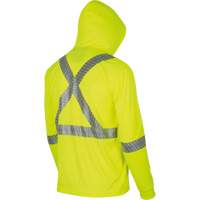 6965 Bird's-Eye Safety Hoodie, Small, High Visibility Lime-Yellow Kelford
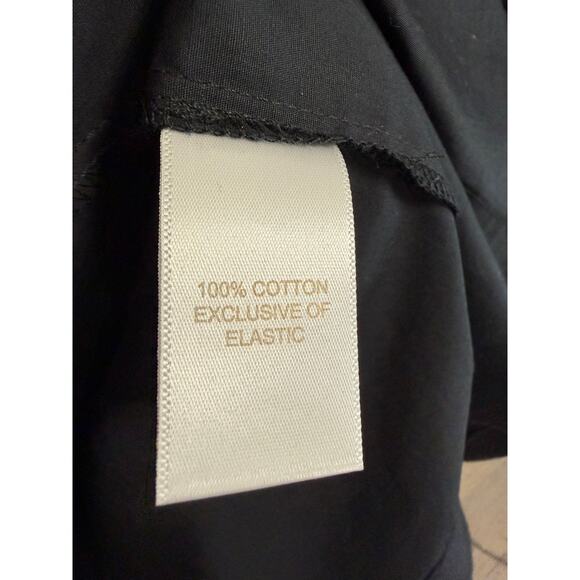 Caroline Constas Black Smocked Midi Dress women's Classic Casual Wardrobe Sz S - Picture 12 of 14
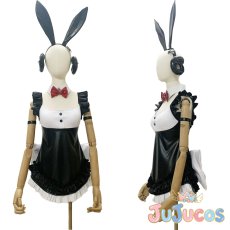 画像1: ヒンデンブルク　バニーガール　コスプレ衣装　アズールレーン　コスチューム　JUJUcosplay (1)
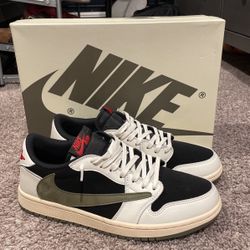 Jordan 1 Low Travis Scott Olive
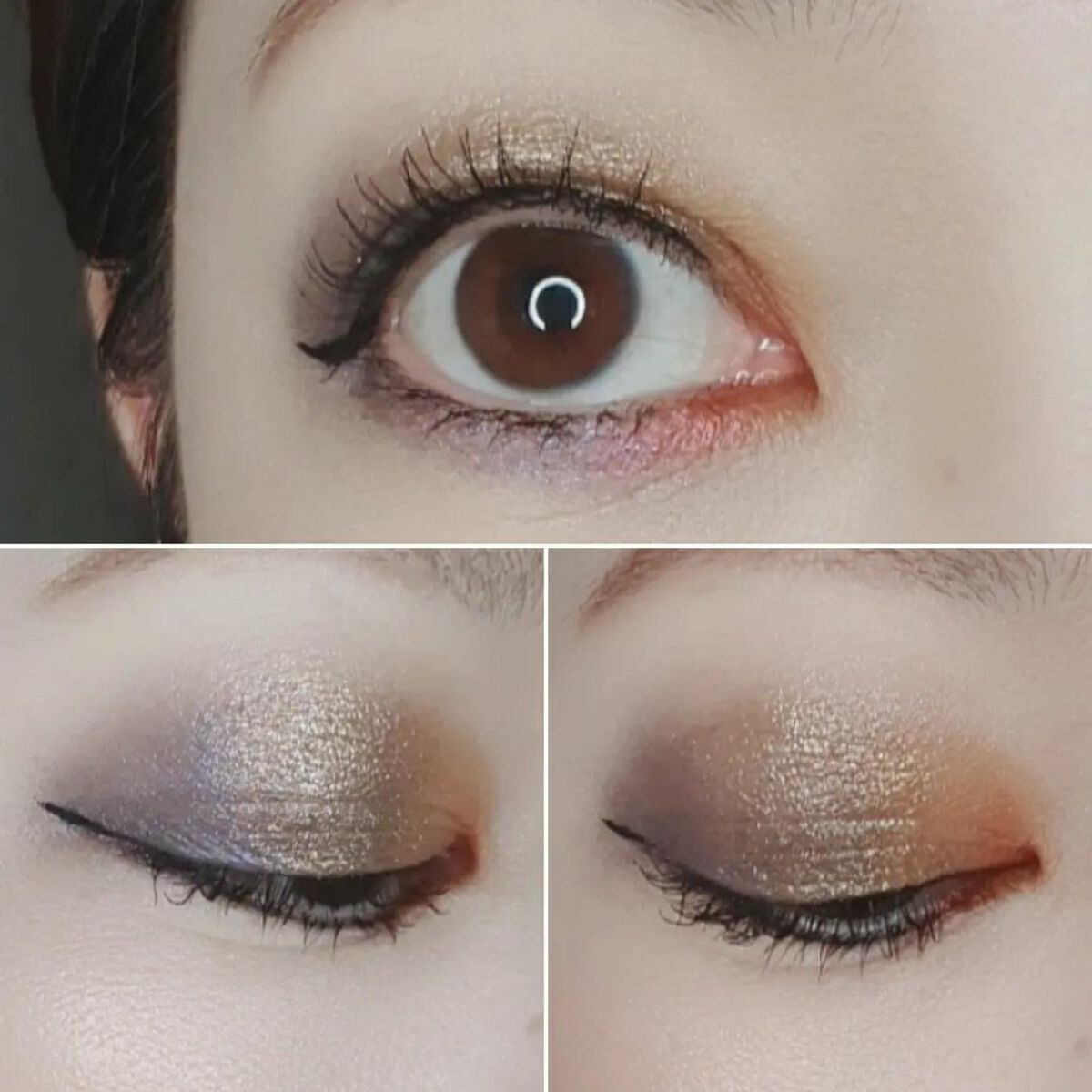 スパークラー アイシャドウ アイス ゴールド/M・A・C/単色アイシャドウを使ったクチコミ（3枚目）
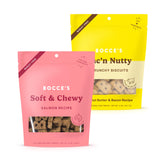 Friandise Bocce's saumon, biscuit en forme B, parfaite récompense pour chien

-=-=-

Write out the lines of the material above exactly, from its first line through the line that contains "Jordan 1 Low Travis Scott Olive", so that no picture appears in the copy.

 6965 Bird's-Eye Safety Hoodie, Small, High Visibility Lime-Yellow Kelford
 Caroline Constas Black Smocked Midi Dress women's Classic Casual Wardrobe Sz S - Picture 12 of 14
 画像1: ヒンデンブルク　バニーガール　コスプレ衣装　アズールレーン　コスチューム　JUJUcosplay (1)
 Jordan 1 Low Travis Scott Olive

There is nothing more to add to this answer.